=== Section Start ===

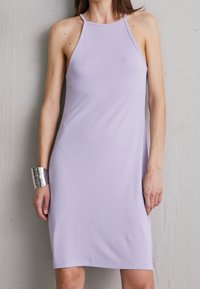 Vrouw in een mouwloze lila jurk met halterhalslijn en zilveren armband, staand tegen een gestructureerde grijze muur.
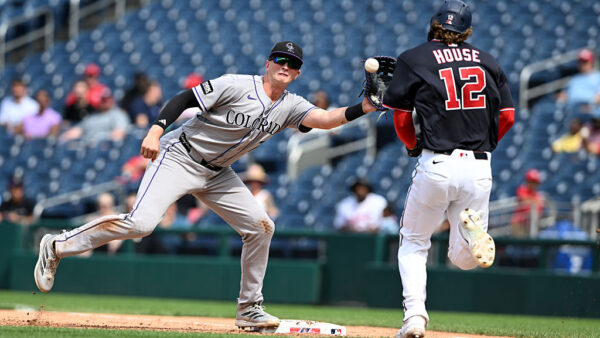 WASHINGTON, DC - AUGUST 27: TJ Rumfield #7 of the Colorado Rockies forces out Brady House #12 of the Washington Nationals at first base in the sixth inning at Nationals Park on August 27, 2026 in Washington, DC.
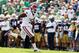 Sep 28, 2013; South Bend, IN, USA; Oklahoma Sooners linebacker Corey Nelson (7) makes an interception and runs it in for a touchdown against the Notre Dame Fighting Irish at Notre Dame Stadium. Mandatory Credit: Brian Spurlock-USA TODAY Sports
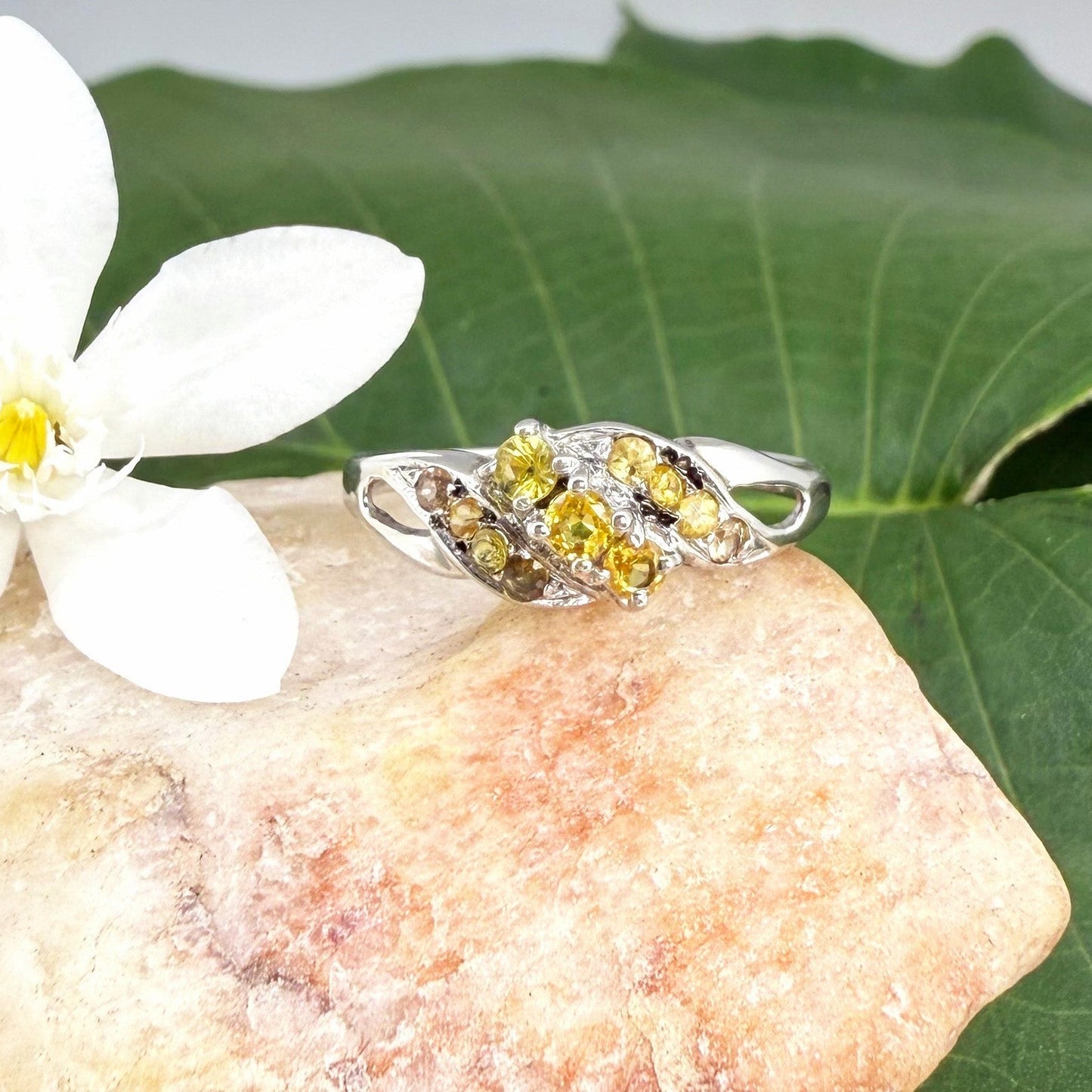 White gold plated sterling silver ring featuring two marquise-cut yellow sapphires in an elegant bypass setting.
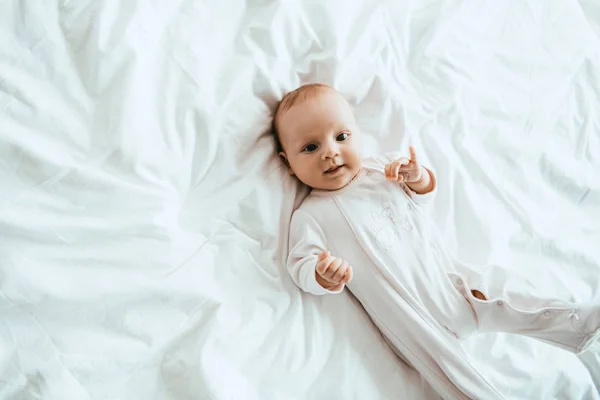 Top view of cute infant in white bodysuit lying on bedding at home — Stock Photo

=== Section End ===

→ **Assignment**:
Copy exactly, please, the lines that run from the line holding "Sep 28, 2013;" through the closing line of the material above, omitting every picture.

→ **Response**:
 Sep 28, 2013; South Bend, IN, USA; Oklahoma Sooners linebacker Corey Nelson (7) makes an interception and runs it in for a touchdown against the Notre Dame Fighting Irish at Notre Dame Stadium. Mandatory Credit: Brian Spurlock-USA TODAY Sports
 White gold plated sterling silver ring featuring two marquise-cut yellow sapphires in an elegant bypass setting.
 Top view of cute infant in white bodysuit lying on bedding at home — Stock Photo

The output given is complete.